# of Students Taught: 7
Ages: 1 6th grader, 2 frosh, 2 soph, 2 seniors
Instrument: 2 baritones, 4 tenor trombones, 1 bass trombone
Materials: scales, tunes, & ear training; audition repertoire, composition and improvisation, etudes
Fundamentals covered: direction of phrase- ‘ear on the prize’; loud volumes in all registers, making more out of musical ideas, airflow
Memorable moment: Today I had a student ‘make a match’, as Jan would say, in such an immediate and gratifying way that I’m not sure we’ll being going backwards anytime soon. His tune for major scales is Ode to Joy, and I’ve been trying to get him to hear the phrase go all the way through the line, instead of playing every note somewhat vertically and then taking a breath before the last 2 notes. He gets it, but he’s never quite executed it.
Instead of telling him not to take a breath there, I used the example of someone driving in a car and hitting the gas pedal in little bursts. It’s annoying for the passenger and other drivers, and incredibly inefficient for the engine’s gas usage. If the driver instead gently kept even pressure on the gas pedal, the car would run smoothly and reach its destination more efficiently. Our air works the same way: we’ll have more of it utilize and shape the music with if our intention is to keep the line directing forward.
Takeaways: Telling a student simply where to or not to take a breath does not communicate phrase structure to them, it just gives them a technical instruction that becomes all they can focus on.
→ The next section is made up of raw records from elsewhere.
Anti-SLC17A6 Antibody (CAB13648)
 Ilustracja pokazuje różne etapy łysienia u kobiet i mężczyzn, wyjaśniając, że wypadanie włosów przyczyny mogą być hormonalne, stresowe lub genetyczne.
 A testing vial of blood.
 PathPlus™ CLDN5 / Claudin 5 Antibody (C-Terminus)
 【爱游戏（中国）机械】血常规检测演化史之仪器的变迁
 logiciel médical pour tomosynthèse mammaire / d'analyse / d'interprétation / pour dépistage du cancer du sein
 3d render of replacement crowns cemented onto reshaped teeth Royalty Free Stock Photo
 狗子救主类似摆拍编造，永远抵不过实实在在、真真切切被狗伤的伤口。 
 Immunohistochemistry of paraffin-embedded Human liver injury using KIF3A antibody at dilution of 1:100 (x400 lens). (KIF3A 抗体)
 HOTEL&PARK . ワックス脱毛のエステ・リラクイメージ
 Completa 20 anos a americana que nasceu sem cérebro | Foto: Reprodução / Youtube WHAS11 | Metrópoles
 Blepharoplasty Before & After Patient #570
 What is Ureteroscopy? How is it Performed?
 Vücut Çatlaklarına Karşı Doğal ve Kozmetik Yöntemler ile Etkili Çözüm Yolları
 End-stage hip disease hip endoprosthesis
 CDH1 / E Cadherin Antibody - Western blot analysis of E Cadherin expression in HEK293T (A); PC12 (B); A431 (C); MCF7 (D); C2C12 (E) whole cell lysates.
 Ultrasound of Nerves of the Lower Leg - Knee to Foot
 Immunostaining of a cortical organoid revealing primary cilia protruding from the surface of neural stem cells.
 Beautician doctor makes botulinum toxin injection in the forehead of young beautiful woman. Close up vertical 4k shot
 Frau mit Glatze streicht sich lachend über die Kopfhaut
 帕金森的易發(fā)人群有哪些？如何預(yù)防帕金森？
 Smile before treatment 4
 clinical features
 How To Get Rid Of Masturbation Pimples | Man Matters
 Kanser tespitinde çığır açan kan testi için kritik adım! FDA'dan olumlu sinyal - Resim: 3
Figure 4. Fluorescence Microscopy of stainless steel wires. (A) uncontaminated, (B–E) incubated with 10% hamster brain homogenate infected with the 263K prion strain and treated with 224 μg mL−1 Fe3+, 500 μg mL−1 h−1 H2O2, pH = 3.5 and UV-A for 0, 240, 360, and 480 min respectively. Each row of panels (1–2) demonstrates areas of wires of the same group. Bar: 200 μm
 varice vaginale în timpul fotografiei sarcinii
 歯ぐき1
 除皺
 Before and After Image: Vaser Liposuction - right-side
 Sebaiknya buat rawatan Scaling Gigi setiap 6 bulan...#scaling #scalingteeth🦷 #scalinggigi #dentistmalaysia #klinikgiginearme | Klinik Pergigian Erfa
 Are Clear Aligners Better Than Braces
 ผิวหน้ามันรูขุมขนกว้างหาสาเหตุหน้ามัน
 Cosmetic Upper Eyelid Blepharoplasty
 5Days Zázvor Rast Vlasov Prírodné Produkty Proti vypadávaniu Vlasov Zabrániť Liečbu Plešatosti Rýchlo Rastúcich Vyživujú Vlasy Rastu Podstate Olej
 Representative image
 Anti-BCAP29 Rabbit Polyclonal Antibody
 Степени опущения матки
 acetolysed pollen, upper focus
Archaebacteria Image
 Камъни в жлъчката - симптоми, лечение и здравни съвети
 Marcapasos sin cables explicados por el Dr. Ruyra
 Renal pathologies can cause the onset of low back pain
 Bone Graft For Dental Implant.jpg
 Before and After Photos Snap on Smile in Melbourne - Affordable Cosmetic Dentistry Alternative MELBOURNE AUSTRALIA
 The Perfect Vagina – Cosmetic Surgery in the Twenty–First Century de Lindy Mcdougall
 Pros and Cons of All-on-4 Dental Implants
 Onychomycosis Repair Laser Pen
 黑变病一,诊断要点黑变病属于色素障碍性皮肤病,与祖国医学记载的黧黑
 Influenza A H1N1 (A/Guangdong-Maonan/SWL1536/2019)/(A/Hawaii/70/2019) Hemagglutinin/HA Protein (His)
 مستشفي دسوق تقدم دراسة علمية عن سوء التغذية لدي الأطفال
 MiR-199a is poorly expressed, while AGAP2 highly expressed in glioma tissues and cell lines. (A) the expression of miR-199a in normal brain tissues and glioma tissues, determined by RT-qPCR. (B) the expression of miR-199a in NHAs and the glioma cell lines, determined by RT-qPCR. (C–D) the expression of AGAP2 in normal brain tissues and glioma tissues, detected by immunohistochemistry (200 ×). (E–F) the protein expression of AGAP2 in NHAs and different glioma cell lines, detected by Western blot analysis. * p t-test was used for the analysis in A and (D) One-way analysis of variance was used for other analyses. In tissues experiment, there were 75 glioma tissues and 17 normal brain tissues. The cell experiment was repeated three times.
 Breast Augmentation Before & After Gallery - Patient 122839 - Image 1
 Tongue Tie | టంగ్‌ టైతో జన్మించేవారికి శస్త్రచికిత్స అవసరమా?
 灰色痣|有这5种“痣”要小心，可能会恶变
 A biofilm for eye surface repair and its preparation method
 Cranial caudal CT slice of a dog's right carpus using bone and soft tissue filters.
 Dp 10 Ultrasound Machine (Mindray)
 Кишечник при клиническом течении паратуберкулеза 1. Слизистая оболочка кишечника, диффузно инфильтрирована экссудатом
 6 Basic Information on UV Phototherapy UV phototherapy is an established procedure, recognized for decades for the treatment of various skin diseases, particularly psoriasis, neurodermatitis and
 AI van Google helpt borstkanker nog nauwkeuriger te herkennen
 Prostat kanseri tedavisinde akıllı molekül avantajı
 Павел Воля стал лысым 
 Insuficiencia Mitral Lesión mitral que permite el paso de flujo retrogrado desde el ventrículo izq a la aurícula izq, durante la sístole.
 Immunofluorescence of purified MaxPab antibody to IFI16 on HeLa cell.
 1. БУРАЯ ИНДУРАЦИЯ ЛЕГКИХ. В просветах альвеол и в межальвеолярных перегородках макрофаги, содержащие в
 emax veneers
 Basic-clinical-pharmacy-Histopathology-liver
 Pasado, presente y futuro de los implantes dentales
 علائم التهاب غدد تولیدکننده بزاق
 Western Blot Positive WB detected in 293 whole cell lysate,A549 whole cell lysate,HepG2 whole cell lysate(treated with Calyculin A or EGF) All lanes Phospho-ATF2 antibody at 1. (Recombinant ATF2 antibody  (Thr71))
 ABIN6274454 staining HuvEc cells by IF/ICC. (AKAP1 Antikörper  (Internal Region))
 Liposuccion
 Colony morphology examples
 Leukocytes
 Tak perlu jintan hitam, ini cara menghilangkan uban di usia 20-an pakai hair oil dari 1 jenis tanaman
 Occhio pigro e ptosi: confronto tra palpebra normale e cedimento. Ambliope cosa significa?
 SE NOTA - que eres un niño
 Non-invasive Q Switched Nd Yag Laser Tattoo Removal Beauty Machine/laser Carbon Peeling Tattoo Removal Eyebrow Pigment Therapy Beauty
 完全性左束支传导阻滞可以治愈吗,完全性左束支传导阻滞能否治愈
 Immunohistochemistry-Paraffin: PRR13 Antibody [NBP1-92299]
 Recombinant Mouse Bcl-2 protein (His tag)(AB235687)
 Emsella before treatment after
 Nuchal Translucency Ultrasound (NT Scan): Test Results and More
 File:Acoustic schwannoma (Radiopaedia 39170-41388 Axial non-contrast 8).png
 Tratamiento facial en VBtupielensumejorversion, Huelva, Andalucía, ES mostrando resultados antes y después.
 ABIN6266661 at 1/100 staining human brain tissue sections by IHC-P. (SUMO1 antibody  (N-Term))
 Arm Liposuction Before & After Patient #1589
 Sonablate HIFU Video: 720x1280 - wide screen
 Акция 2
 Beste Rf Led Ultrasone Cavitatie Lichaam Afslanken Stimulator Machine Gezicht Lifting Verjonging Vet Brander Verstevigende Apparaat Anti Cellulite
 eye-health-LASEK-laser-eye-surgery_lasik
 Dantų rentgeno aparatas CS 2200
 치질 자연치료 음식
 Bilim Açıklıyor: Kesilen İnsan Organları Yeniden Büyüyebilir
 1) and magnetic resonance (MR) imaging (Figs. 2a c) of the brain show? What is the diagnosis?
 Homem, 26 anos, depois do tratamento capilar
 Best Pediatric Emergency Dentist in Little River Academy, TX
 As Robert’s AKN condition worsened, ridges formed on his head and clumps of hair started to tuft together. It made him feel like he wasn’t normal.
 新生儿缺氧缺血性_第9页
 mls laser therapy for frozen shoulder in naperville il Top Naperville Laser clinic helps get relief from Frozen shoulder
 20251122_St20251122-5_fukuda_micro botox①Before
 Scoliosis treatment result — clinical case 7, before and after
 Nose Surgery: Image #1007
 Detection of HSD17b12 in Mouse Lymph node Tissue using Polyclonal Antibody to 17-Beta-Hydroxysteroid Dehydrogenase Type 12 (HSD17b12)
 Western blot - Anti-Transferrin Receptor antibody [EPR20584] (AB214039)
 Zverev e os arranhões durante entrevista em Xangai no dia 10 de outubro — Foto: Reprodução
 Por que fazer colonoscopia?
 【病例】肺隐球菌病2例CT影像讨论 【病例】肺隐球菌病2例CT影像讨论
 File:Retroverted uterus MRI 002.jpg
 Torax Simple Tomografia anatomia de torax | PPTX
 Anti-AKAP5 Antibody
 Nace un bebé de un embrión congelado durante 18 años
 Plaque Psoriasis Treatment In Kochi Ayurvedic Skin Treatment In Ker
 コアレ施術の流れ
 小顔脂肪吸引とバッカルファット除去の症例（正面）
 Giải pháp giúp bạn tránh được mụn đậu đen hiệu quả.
Telling them where the phrase wants to go helps them breathe naturally and in time with the music.
(Coincidentally, during the last phrase of the song he took a breath in the middle of it but his direction and intention were so good it not only occurred in a natural place, but was barely audible and did not interrupt the music at all:
And that’s the magic of a proper focus of attention.)